The RDG said: ‘Journeys on Britain’s railway have grown by 4% a year, on average, since the late 1990s. Rail’s transformation comes from a winning combination of private sector innovation and government policy. Operators have used commercial acumen to attract passengers, and the growth in revenue has played a crucial role in enabling government to invest record sums through Network Rail.’

But Mick said: ‘The public clamour for bringing the railways back into public ownership has made the privatised train operating companies very nervous. They know that people hate the fragmentation of our railway network, and hate the fact that the TOCs and FOCs take money out, rather than putting money in, to our vital industry.’

He added: ‘We’re delighted that more passengers are using the railway network, and more companies are choosing to send freight by rail, but that’s not down to the train and freight operating companies. It’s down to social and economic mobility, to the price of petrol and congestion on the roads, to the price of housing in our major cities and the concentration of jobs in urban centres.

‘It’s strange to say, “Yet even with this growth, government funding for the railway at £4 billion was the same in 2012-13 as in 1994-95 in real terms.” You’d expect increased passenger numbers to mean less government support as ticket revenues would increase! Especially as capacity has not been properly invested in which is why passengers complain about overcrowding.

‘The RDG’s main brag appears to be that government subsidy is, approximately, the same now, in real terms, as it was before the railway was privatised. They neglect to say that all that has happened is that fares have increased enormously instead! Although rail subsidy is now around £4 billion, it has spent many of the years since privatisation at a far higher level.

‘The companies talk about the money returned to the taxpayer. But only two TOCs actually returned funds to the DfT in 2012-13 when you factor in their subsidy. East Coast (who are publically owned) and returned £16 million and South West Trains who returned £5 million. Every other TOC took net finances from the taxpayer’s pocket.
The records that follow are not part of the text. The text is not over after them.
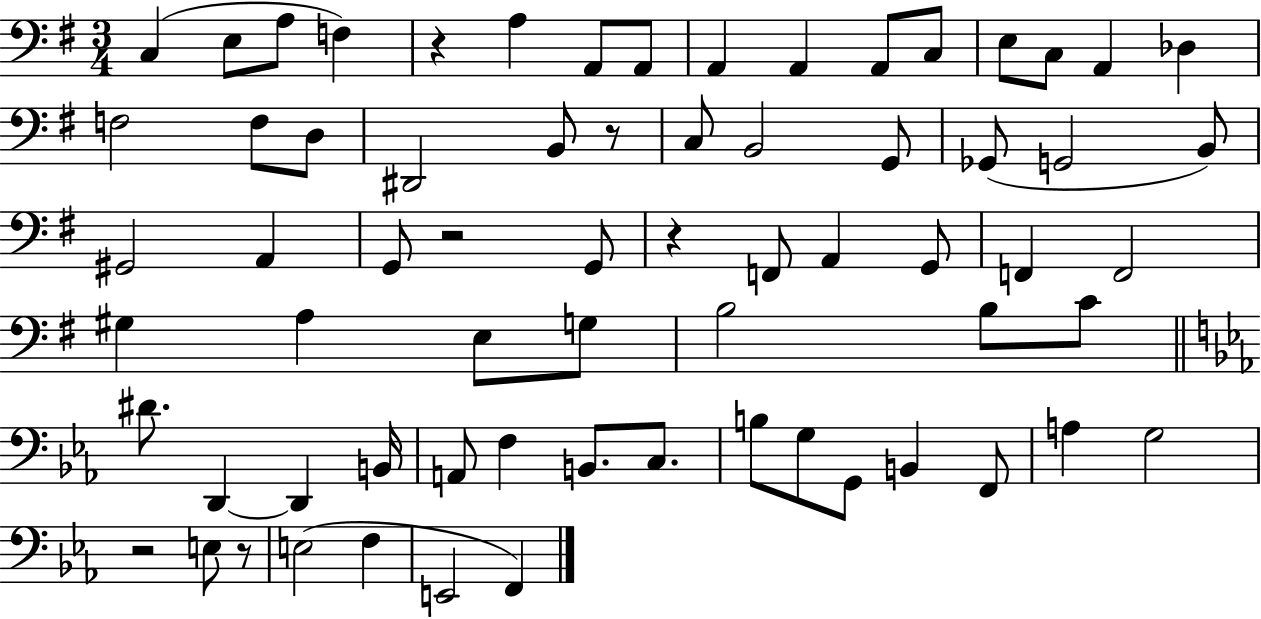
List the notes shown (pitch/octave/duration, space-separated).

C3/q E3/e A3/e F3/q R/q A3/q A2/e A2/e A2/q A2/q A2/e C3/e E3/e C3/e A2/q Db3/q F3/h F3/e D3/e D#2/h B2/e R/e C3/e B2/h G2/e Gb2/e G2/h B2/e G#2/h A2/q G2/e R/h G2/e R/q F2/e A2/q G2/e F2/q F2/h G#3/q A3/q E3/e G3/e B3/h B3/e C4/e D#4/e. D2/q D2/q B2/s A2/e F3/q B2/e. C3/e. B3/e G3/e G2/e B2/q F2/e A3/q G3/h R/h E3/e R/e E3/h F3/q E2/h F2/q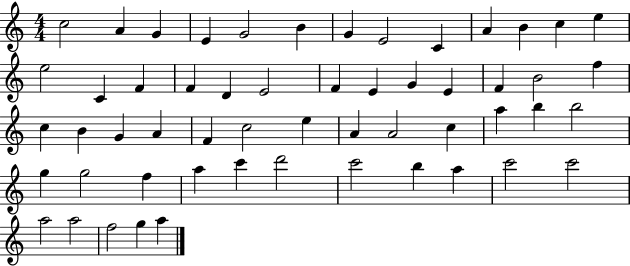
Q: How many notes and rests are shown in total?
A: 55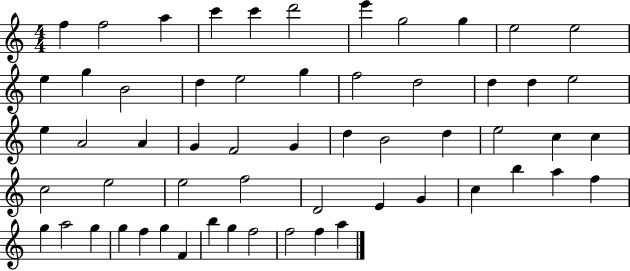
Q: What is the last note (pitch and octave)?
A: A5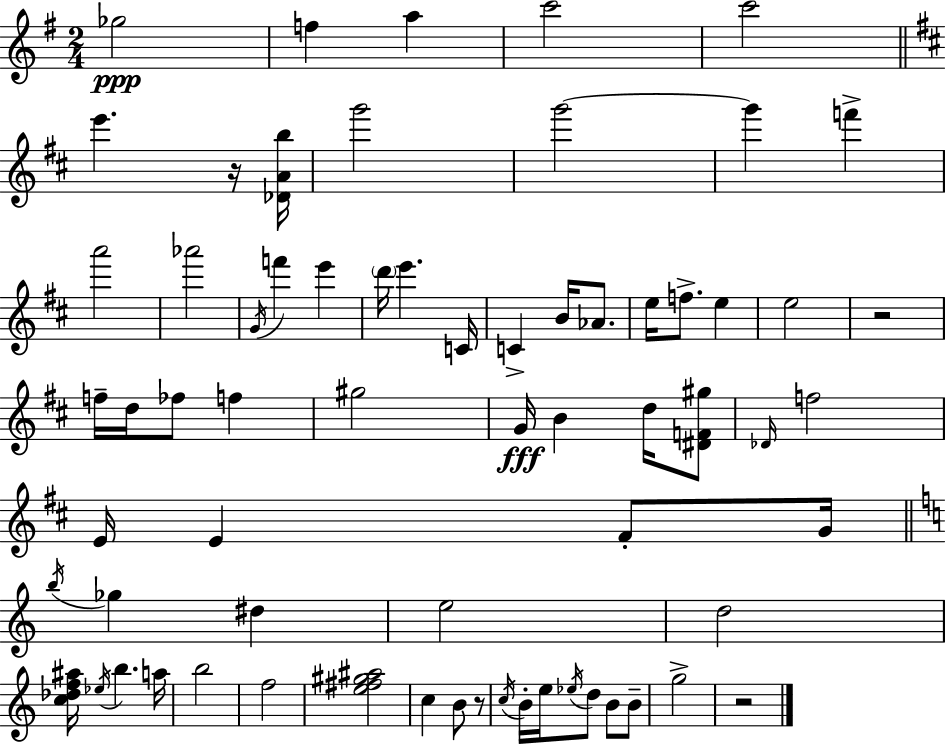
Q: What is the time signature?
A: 2/4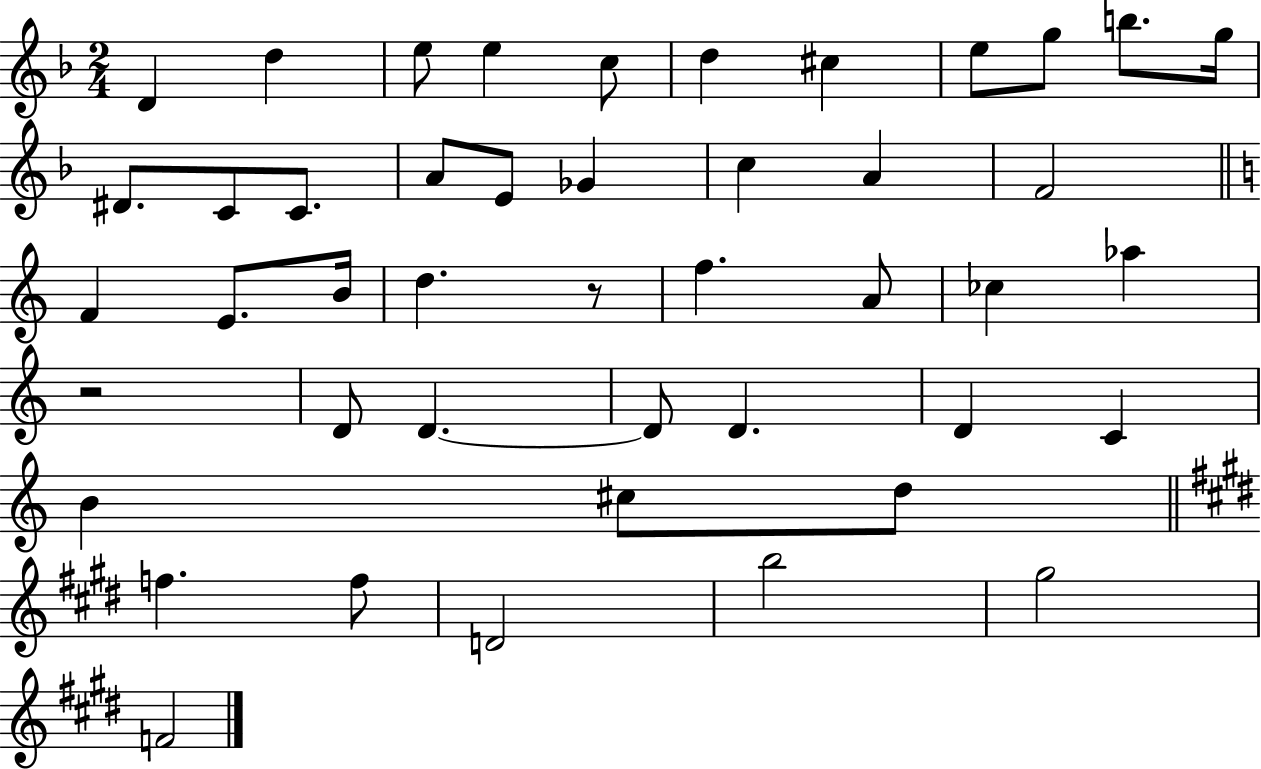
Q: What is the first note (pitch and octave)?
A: D4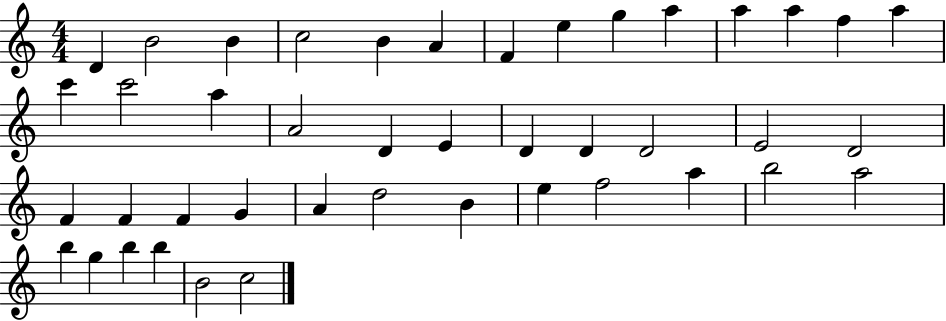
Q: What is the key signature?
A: C major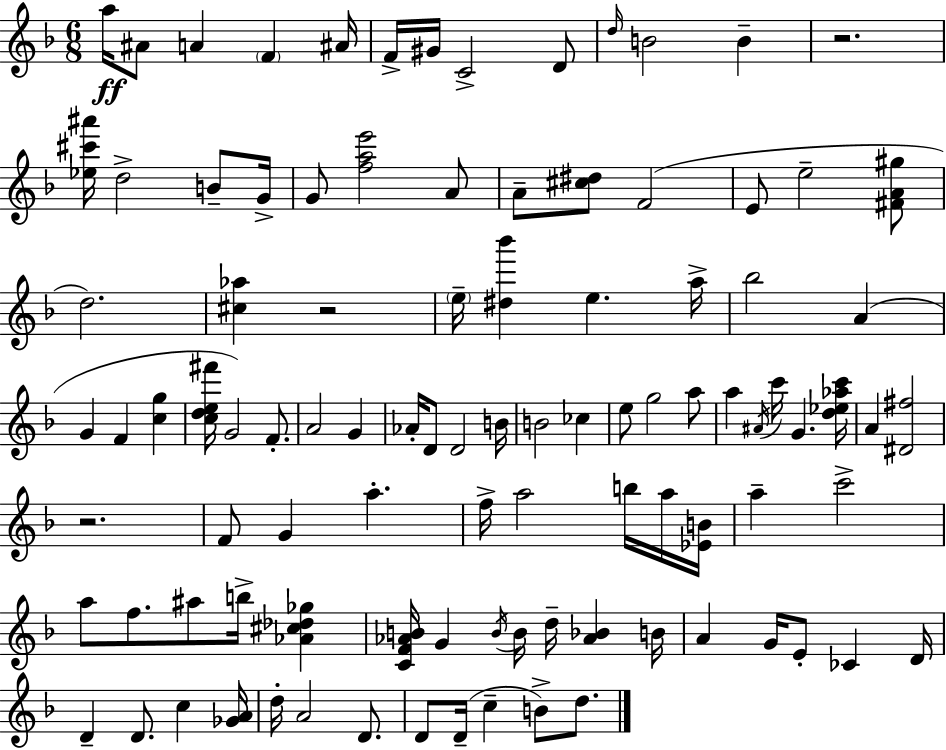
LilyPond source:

{
  \clef treble
  \numericTimeSignature
  \time 6/8
  \key d \minor
  a''16\ff ais'8 a'4 \parenthesize f'4 ais'16 | f'16-> gis'16 c'2-> d'8 | \grace { d''16 } b'2 b'4-- | r2. | \break <ees'' cis''' ais'''>16 d''2-> b'8-- | g'16-> g'8 <f'' a'' e'''>2 a'8 | a'8-- <cis'' dis''>8 f'2( | e'8 e''2-- <fis' a' gis''>8 | \break d''2.) | <cis'' aes''>4 r2 | \parenthesize e''16-- <dis'' bes'''>4 e''4. | a''16-> bes''2 a'4( | \break g'4 f'4 <c'' g''>4 | <c'' d'' e'' fis'''>16 g'2) f'8.-. | a'2 g'4 | aes'16-. d'8 d'2 | \break b'16 b'2 ces''4 | e''8 g''2 a''8 | a''4 \acciaccatura { ais'16 } c'''16 g'4. | <d'' ees'' aes'' c'''>16 a'4 <dis' fis''>2 | \break r2. | f'8 g'4 a''4.-. | f''16-> a''2 b''16 | a''16 <ees' b'>16 a''4-- c'''2-> | \break a''8 f''8. ais''8 b''16-> <aes' cis'' des'' ges''>4 | <c' f' aes' b'>16 g'4 \acciaccatura { b'16 } b'16 d''16-- <aes' bes'>4 | b'16 a'4 g'16 e'8-. ces'4 | d'16 d'4-- d'8. c''4 | \break <ges' a'>16 d''16-. a'2 | d'8. d'8 d'16--( c''4-- b'8->) | d''8. \bar "|."
}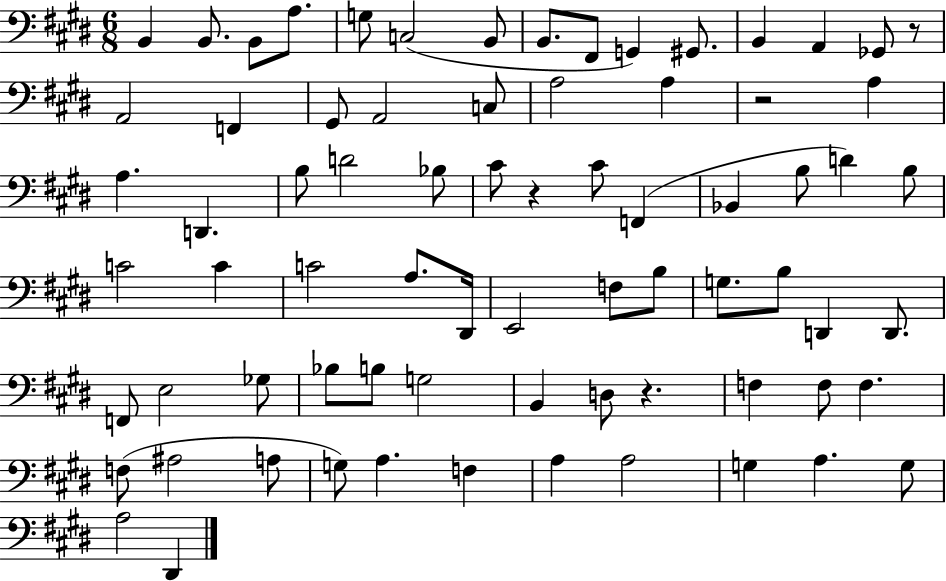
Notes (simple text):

B2/q B2/e. B2/e A3/e. G3/e C3/h B2/e B2/e. F#2/e G2/q G#2/e. B2/q A2/q Gb2/e R/e A2/h F2/q G#2/e A2/h C3/e A3/h A3/q R/h A3/q A3/q. D2/q. B3/e D4/h Bb3/e C#4/e R/q C#4/e F2/q Bb2/q B3/e D4/q B3/e C4/h C4/q C4/h A3/e. D#2/s E2/h F3/e B3/e G3/e. B3/e D2/q D2/e. F2/e E3/h Gb3/e Bb3/e B3/e G3/h B2/q D3/e R/q. F3/q F3/e F3/q. F3/e A#3/h A3/e G3/e A3/q. F3/q A3/q A3/h G3/q A3/q. G3/e A3/h D#2/q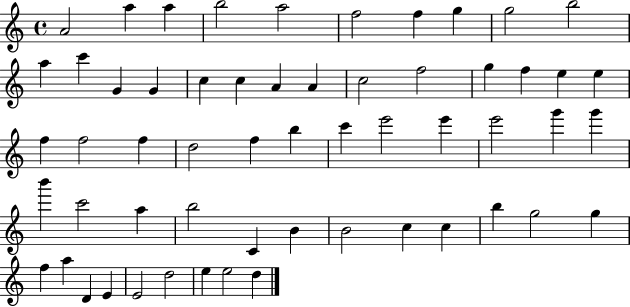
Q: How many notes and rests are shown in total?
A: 57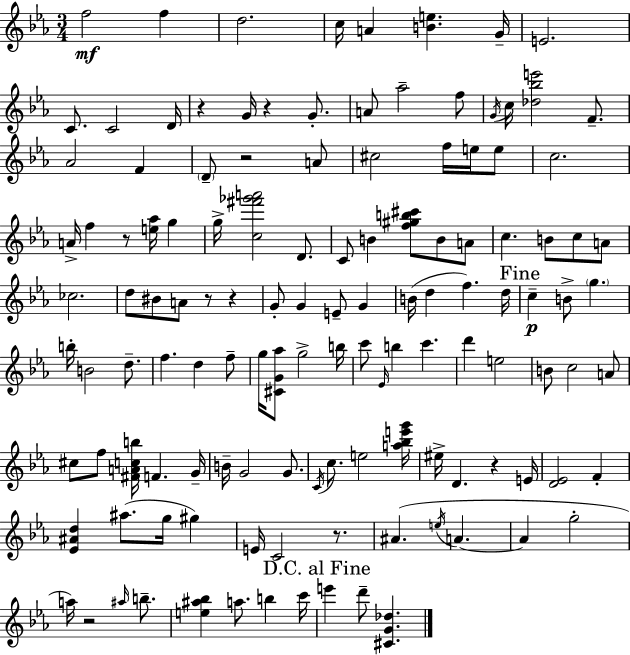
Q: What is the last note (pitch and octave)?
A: D6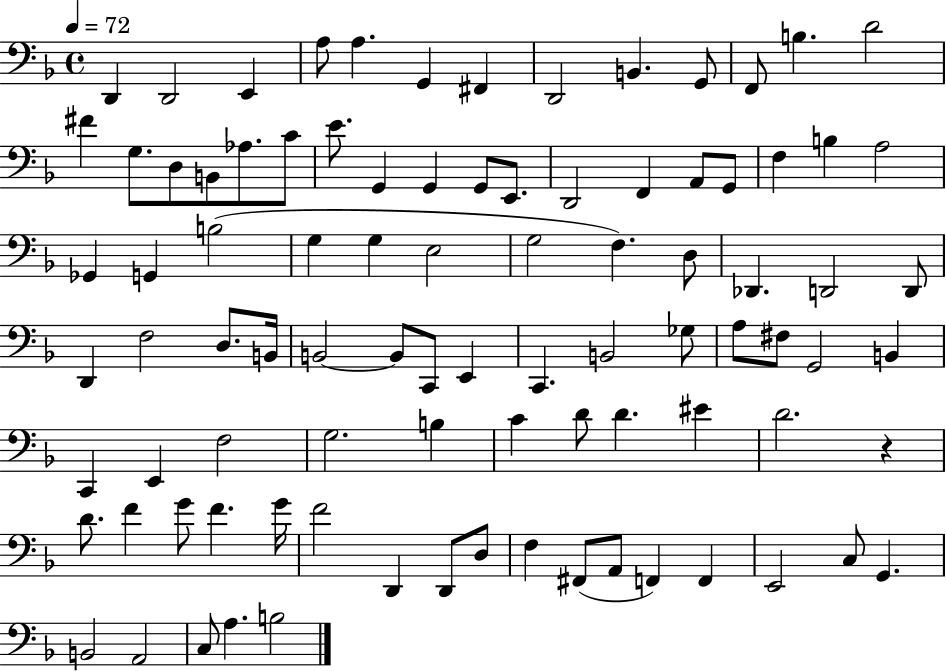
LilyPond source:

{
  \clef bass
  \time 4/4
  \defaultTimeSignature
  \key f \major
  \tempo 4 = 72
  d,4 d,2 e,4 | a8 a4. g,4 fis,4 | d,2 b,4. g,8 | f,8 b4. d'2 | \break fis'4 g8. d8 b,8 aes8. c'8 | e'8. g,4 g,4 g,8 e,8. | d,2 f,4 a,8 g,8 | f4 b4 a2 | \break ges,4 g,4 b2( | g4 g4 e2 | g2 f4.) d8 | des,4. d,2 d,8 | \break d,4 f2 d8. b,16 | b,2~~ b,8 c,8 e,4 | c,4. b,2 ges8 | a8 fis8 g,2 b,4 | \break c,4 e,4 f2 | g2. b4 | c'4 d'8 d'4. eis'4 | d'2. r4 | \break d'8. f'4 g'8 f'4. g'16 | f'2 d,4 d,8 d8 | f4 fis,8( a,8 f,4) f,4 | e,2 c8 g,4. | \break b,2 a,2 | c8 a4. b2 | \bar "|."
}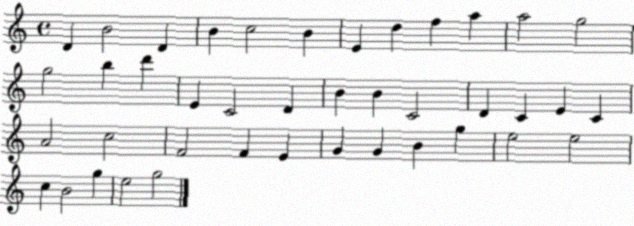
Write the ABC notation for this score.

X:1
T:Untitled
M:4/4
L:1/4
K:C
D B2 D B c2 B E d f a a2 g2 g2 b d' E C2 D B B C2 D C E C A2 c2 F2 F E G G B g e2 e2 c B2 g e2 g2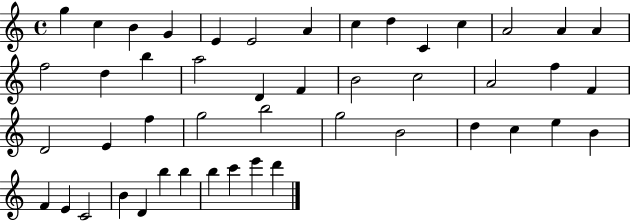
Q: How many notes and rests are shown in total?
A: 47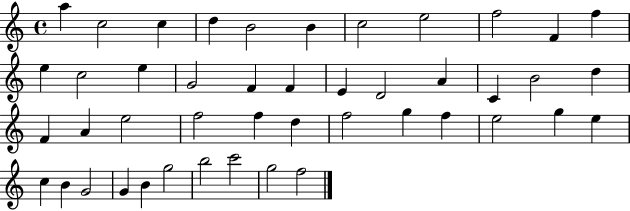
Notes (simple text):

A5/q C5/h C5/q D5/q B4/h B4/q C5/h E5/h F5/h F4/q F5/q E5/q C5/h E5/q G4/h F4/q F4/q E4/q D4/h A4/q C4/q B4/h D5/q F4/q A4/q E5/h F5/h F5/q D5/q F5/h G5/q F5/q E5/h G5/q E5/q C5/q B4/q G4/h G4/q B4/q G5/h B5/h C6/h G5/h F5/h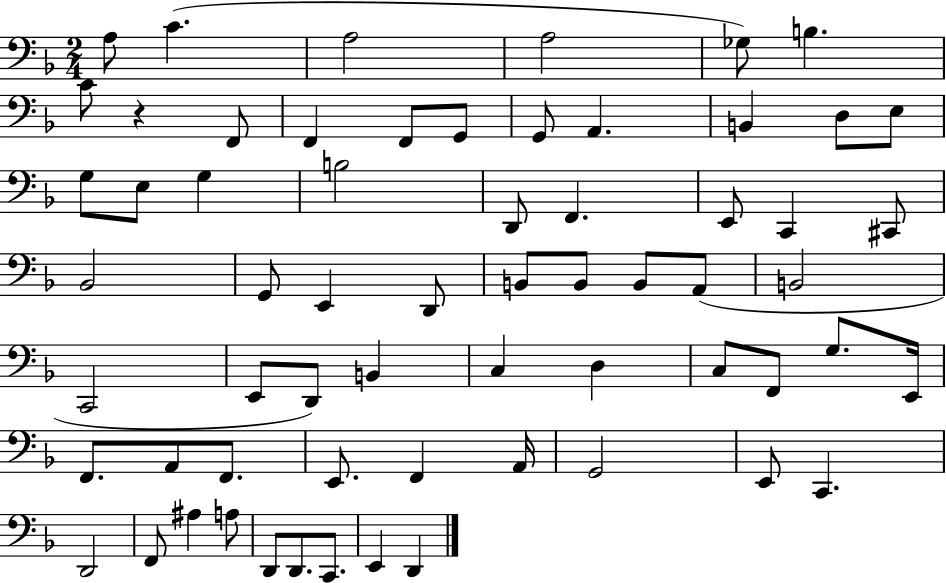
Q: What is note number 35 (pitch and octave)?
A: C2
‘ORR figures show that in 2012-13 the amount of money going into the railway above the cost of running the network was £707million. £204 million of this was dividends. What happens to the rest? This money could be reinvested in rail, taken off fares or used for other public services in a nationalised railway.

‘The implication that the network is more efficient because of the private sector is laughable. The burden has simply shifted to passengers who are paying huge sums to allow private companies to profiteer while stuck on overcrowded trains.’